And its times like these when I’m watching a dancer on stage, watching him or her move from measure to measure through the melody that I get shivers up my spine and down my hands and I feel my feet cold as the deep shore-waters of time uncreated come flowing at my ankles. And its as my knees start to get wet that I find our hard heart’s turning and our heart’s slow learning breaking over the dazzling darkness of dawn as it rises above the far slopes of time and into the floodgates of our hearts.
Sitting in my chair watching Wayne McGregor’s Number Nine I realized that my belief in movement was really and more actually one of the great laws of life. It is the primary medium of our aliveness. It’s not only the flow of the river and the bell swinging but also your eyes as they close and open, your hands as they hold another’s, my mother’s feet as they danced with my father’s a long time ago.
It’s our behavior, as we wake and sleep.
And now I think it’s the dancer and his dance.
And perhaps that’s why ballet amazes me. It’s the perfect and beautiful excruciating pain of something I can’t understand or describe. It’s more than poetry and it’s more than art. The written word will always be tied to the page. It is stuck in a time it can never escape. And the great sculptures – they inhabit a space they will never leave. That marble will never breathe. It will never move. But what if it did? What if Michelangelo’s David turned from rock to flesh and started dancing around your soul? What if Bernini’s Apollo or Daphne came to life? Caught you with an arrow in your heart and destroyed your life with love and beauty? What would you do? Where would you be?
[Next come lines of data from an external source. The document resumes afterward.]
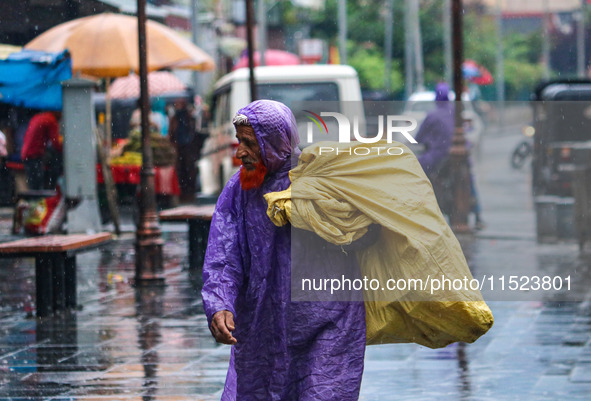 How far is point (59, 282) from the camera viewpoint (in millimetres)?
9531

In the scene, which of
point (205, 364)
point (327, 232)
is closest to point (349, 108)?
point (327, 232)

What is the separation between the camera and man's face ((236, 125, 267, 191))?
4270 millimetres

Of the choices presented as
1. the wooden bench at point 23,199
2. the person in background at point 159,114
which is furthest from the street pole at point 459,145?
the person in background at point 159,114

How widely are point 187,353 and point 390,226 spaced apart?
367 cm

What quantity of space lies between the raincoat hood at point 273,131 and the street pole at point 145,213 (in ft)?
21.6

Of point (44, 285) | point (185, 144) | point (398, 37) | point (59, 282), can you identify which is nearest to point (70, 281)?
point (59, 282)

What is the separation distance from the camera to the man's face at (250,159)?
4.27 m

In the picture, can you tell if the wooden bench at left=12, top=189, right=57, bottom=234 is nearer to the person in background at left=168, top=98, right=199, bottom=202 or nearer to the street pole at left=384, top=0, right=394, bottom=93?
the person in background at left=168, top=98, right=199, bottom=202

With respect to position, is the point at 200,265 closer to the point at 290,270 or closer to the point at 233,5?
the point at 290,270

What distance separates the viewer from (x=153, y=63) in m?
16.2

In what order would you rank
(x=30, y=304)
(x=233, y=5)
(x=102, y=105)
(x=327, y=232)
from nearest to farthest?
(x=327, y=232)
(x=30, y=304)
(x=102, y=105)
(x=233, y=5)

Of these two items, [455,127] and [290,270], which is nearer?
[290,270]

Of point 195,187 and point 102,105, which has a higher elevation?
point 102,105

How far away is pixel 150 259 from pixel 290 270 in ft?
22.3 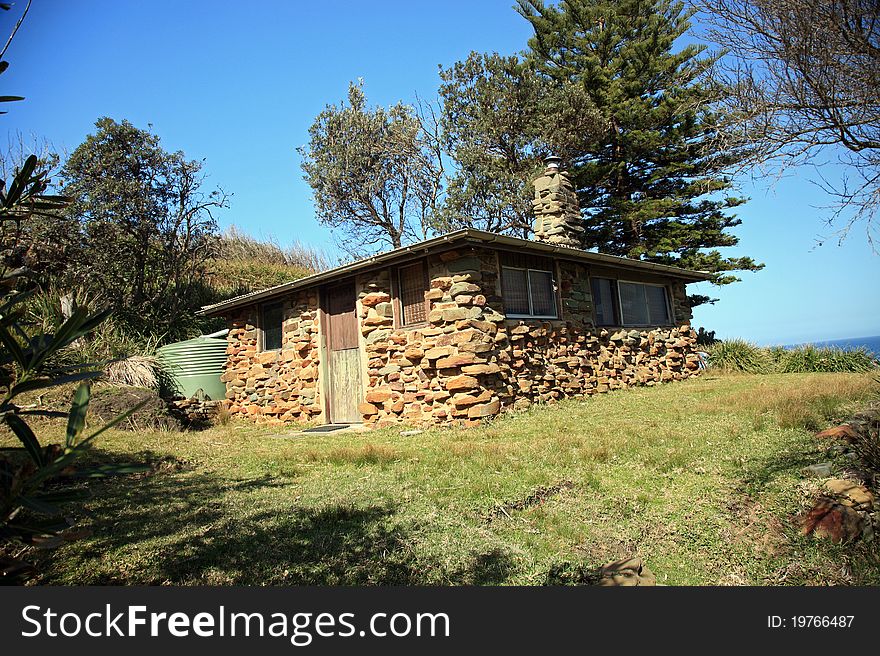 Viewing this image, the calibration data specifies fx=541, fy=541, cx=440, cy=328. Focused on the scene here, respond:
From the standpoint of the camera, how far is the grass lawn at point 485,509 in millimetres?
3539

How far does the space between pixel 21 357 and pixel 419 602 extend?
2017 millimetres

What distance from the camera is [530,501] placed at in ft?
15.9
I think you’d be in front of a stage. Watching the ballet. Seeing music being made visible. Seeing poetry being made visible. Seeing the physical moving manifestation of everything you are hearing and reading and dreaming and wishing. It’s not something transcribed or carved. It’s not a translation or an abstraction. It’s the thing itself. Life itself. Breathing. Pulsating. There is a rhythm of fear and joy, of peace and sadness, of happiness, pain and exhaustion behind the lofty and graceful movements of every ballet dancer. There is finesse and form and poise but there is also blood and sweat. The tiring and the trying. And yet behind every pirouette there you go seeing the landscape where the light roars in spate through the crack. The mountains slam and you’re left alone on the floor wondering what the hell happened.
What I see in ballet is the glory of music found in and through the body. The dancing doesn’t necessarily give the inarticulate a voice so much as a vision. If we can just be there – present and engaged. We can see it.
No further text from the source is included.